Ex-spy loses lawsuit over Canada's refusal to let her return
The Globe and Mail
December 22, 2006
A lawsuit launched by a former Russian undercover agent who spied for the Russian government and then sued Canada's Immigration Department for refusing to allow her to return here has been dismissed.
Elena Miller, a 43-year-old ex-spy, was deported in 1996 after her cover was blown by the Canadian Security Intelligence Service. Her second husband, Toronto physician Peter Miller, has tried for eight years to sponsor his wife, only to see the application rejected by Citizenship and Immigration Canada.
Now the Millers' lawsuit, which sought unspecified damages for negligence and damages caused by the delay in processing Ms. Miller's immigration application, has been dismissed by Mr. Justice James Hugessen of the Federal Court.

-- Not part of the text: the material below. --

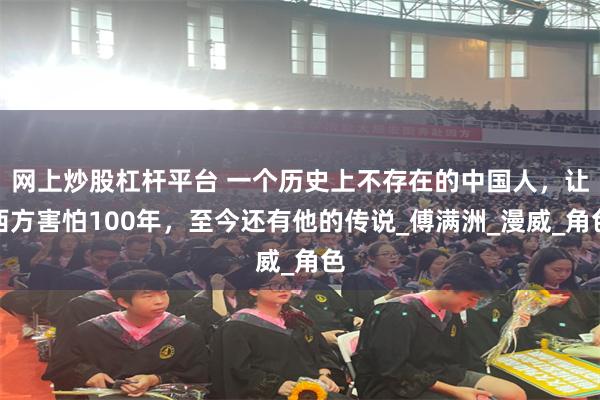 网上炒股杠杆平台 一个历史上不存在的中国人，让西方害怕100年，至今还有他的传说_傅满洲_漫威_角色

“The evidence here does not show that the officials concerned ever had any duty other than to the Canadian public, namely, to assess as best they could a claim by an unmasked Russian spy to an exemption and special treatment by the country whose hospitality she so grossly abused,” he ruled in a Nov. 30 judgment.
“It also shows that they [the officials] never at any time gave . . . any reasonable expectation of a favourable decision.”
The decision comes just days before another unmasked Russian spy is due to be deported.
A 45-year-old Russian intelligence officer, who lived under the false name Paul William Hampel and whose true identity is sealed by a court order, spent more than a decade posing in Montreal as a Canadian before being apprehended at that city's Pierre Trudeau Airport on Nov. 14.
The arrest followed a lengthy CSIS investigation that concluded he is a Russian “illegal,” an undercover spy. He is due to be removed next Wednesday.
Ms. Miller came to Canada just before Mr. Hampel, in the early 1990s, with her first husband, also a Russian spy. The pair established Canadian identities, taking names from Canadian babies who had died at birth. Ms. Miller, whose real name is Yelena Olshanskaya, found a job at an insurance company. The Russian spies were deported to their homeland in June of 1996 — but not before their own marriage had disintegrated and Ms. Miller had begun dating Dr. Miller.
Back in Moscow, Ms. Miller renounced the world of international espionage and married Dr. Miller. He tried in vain to sponsor her, but their application was rejected after the Canadian Border Services Agency ruled that she had not demonstrated that her presence in Canada would not be detrimental to the national interest.
Sergio Karas, an immigration lawyer, said it is “ludicrous” for an applicant who misrepresented her identity to then sue when the file is subject to delays.